PROVIDED DATA.
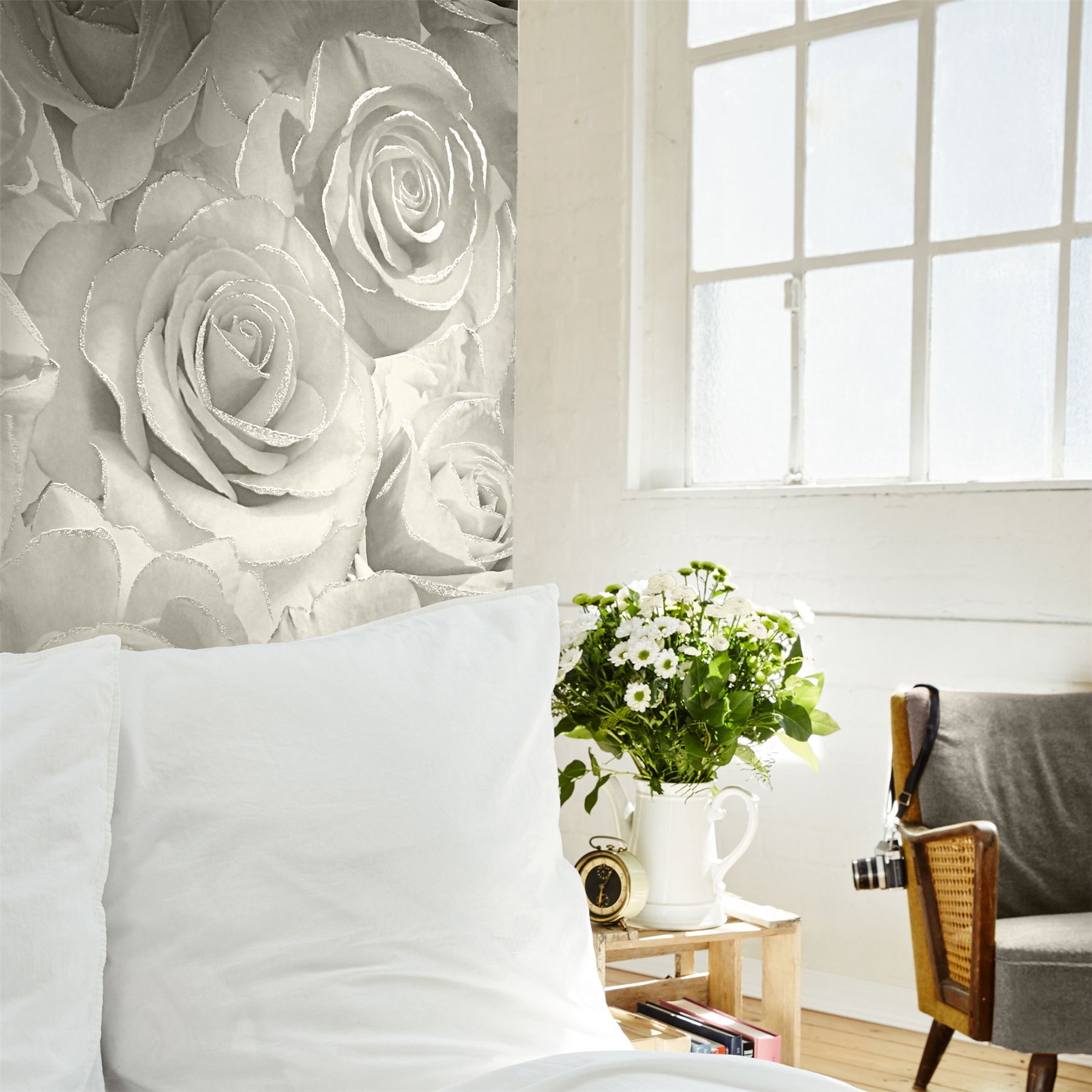 Madison Rose Glitter Floral Wallpaper Muriva - HD Wallpaper 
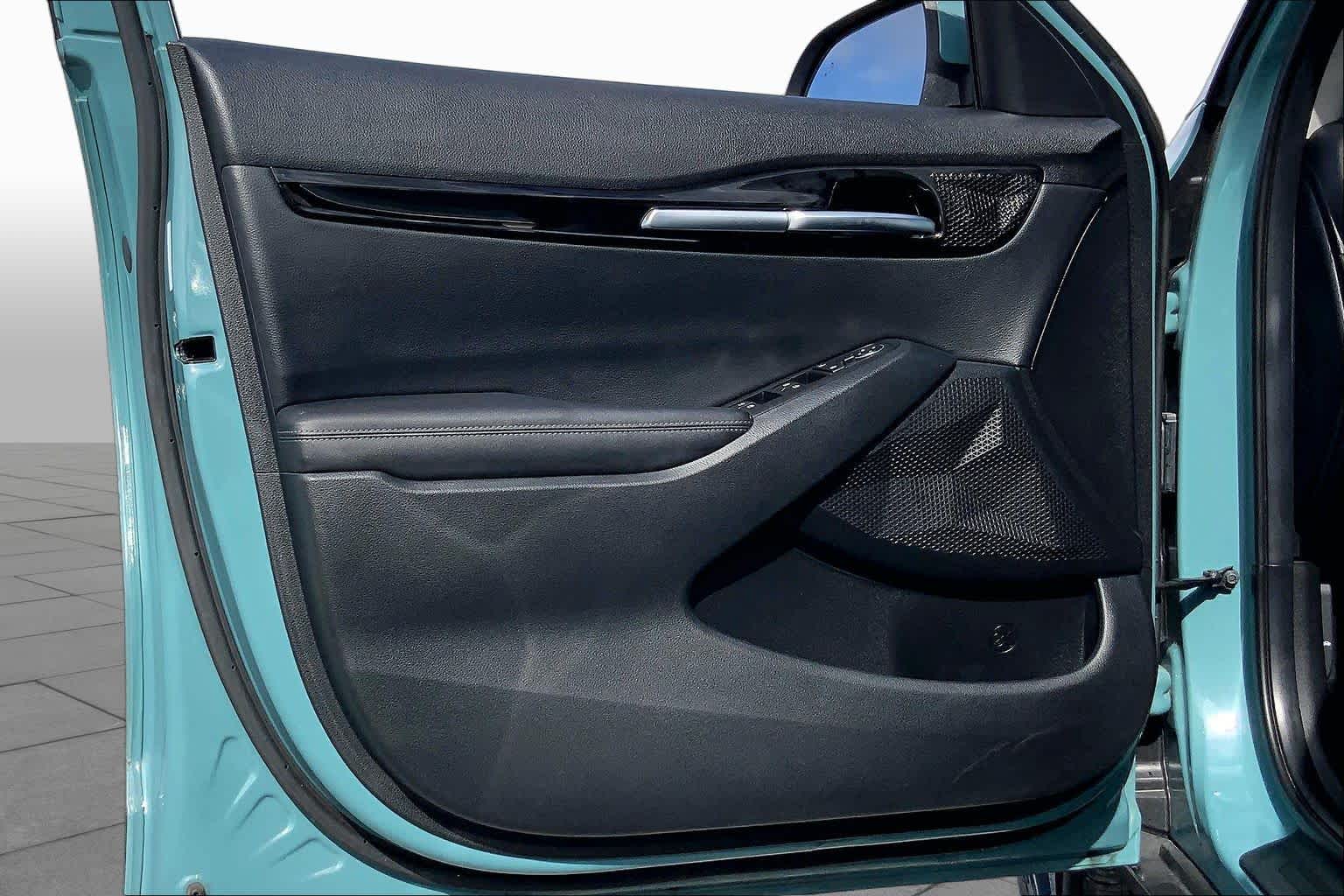 2025 Kia Seltos photo 21 of 36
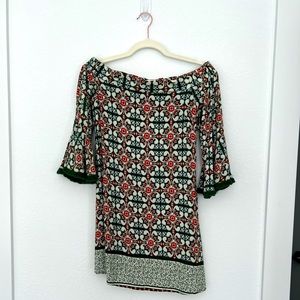 Only worn once! Off-the shoulder dress with vibrant pattern and flutter sleeves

TASK OBJECTIVE. Every last line above must be reproduced as written, and no pictures belong in the copy.

ANSWER TO THIS EXERCISE.
 Madison Rose Glitter Floral Wallpaper Muriva - HD Wallpaper 
 2025 Kia Seltos photo 21 of 36
 Only worn once! Off-the shoulder dress with vibrant pattern and flutter sleeves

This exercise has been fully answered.